Apart from the regular circulating coinage, the country has also authorised some foreign mints to issue commemorative and bullion coins under its jurisdiction. These are typically in standard bullion sizes, including the very large five ounces of silver format (abbreviated as 5 oz Ag, where "Ag" comes from the Latin word for silver, Argentum).
This coin by the Scottsdale Mint features the Terracotta Warriors from China.
The Terracotta Army is a collection of terracotta sculptures depicting the armies of Qin Shi Huang, the first Emperor of China. It is a form of funerary art buried with the emperor in 210-209 BCE with the purpose of protecting the emperor in his afterlife.

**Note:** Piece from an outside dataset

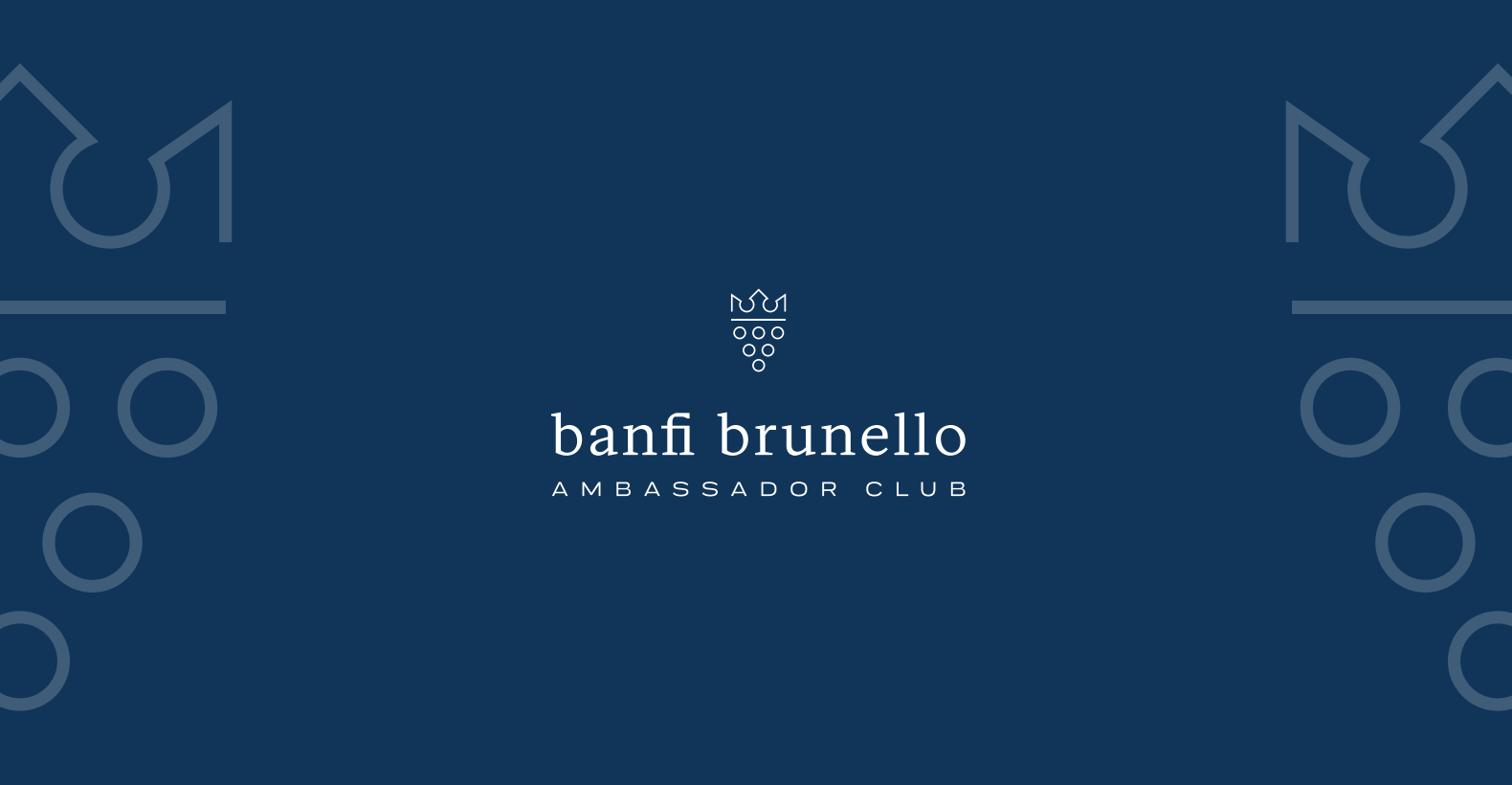 Banfi Brunello Ambassador Club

The figures, dating from approximately the late third century BCE, were discovered in 1974 by local farmers in Lintong County, outside Xi'an, Shaanxi, China. The figures vary in height according to their roles, the tallest being the generals. The figures include warriors, chariots and horses. Estimates from 2007 were that the three pits containing the Terracotta Army held more than 8,000 soldiers, 130 chariots with 520 horses, and 150 cavalry horses, the majority of which remained buried in the pits near Qin Shi Huang's mausoleum. Other terracotta non-military figures were found in other pits, including officials, acrobats, strongmen, and musicians.
The obverse of the coin shows at its centre the Coat of Arms of Fiji, as adopted in 1908 by a Royal Warrant, consisting of a shield divided quarterly by the Cross of St. George and charged with lion at the top, supported by two Fijian warriors, one on each side - one clutching a spear and one holding a totokia club, and topped with a takia - a traditional Fijian outrigger canoe, in full sail.
The objects on the Coat of Arms carry cultural, political, and regional meanings. The Cross of St. George and the lion at the top represent the United Kingdom, the former colonial power that ruled over Fiji. The cacao pod held in the lion's paw, along with the sugarcane, coconut palm and bananas occupying three of the four quadrants, represent the country's natural resource. The bottom left quadrant contains a dove that symbolises peace.
At the bottom is the country's motto: Rerevaka na kalou ka doka na Tui; translated from Fijian: Fear God and honour the Queen.
Around above, the name of the country and the date of issue: FIJI · 2021; around below, the face value 2 DOLLARS.
Around left and right, the precious metal content 5 TROY OZ 999 SILVER.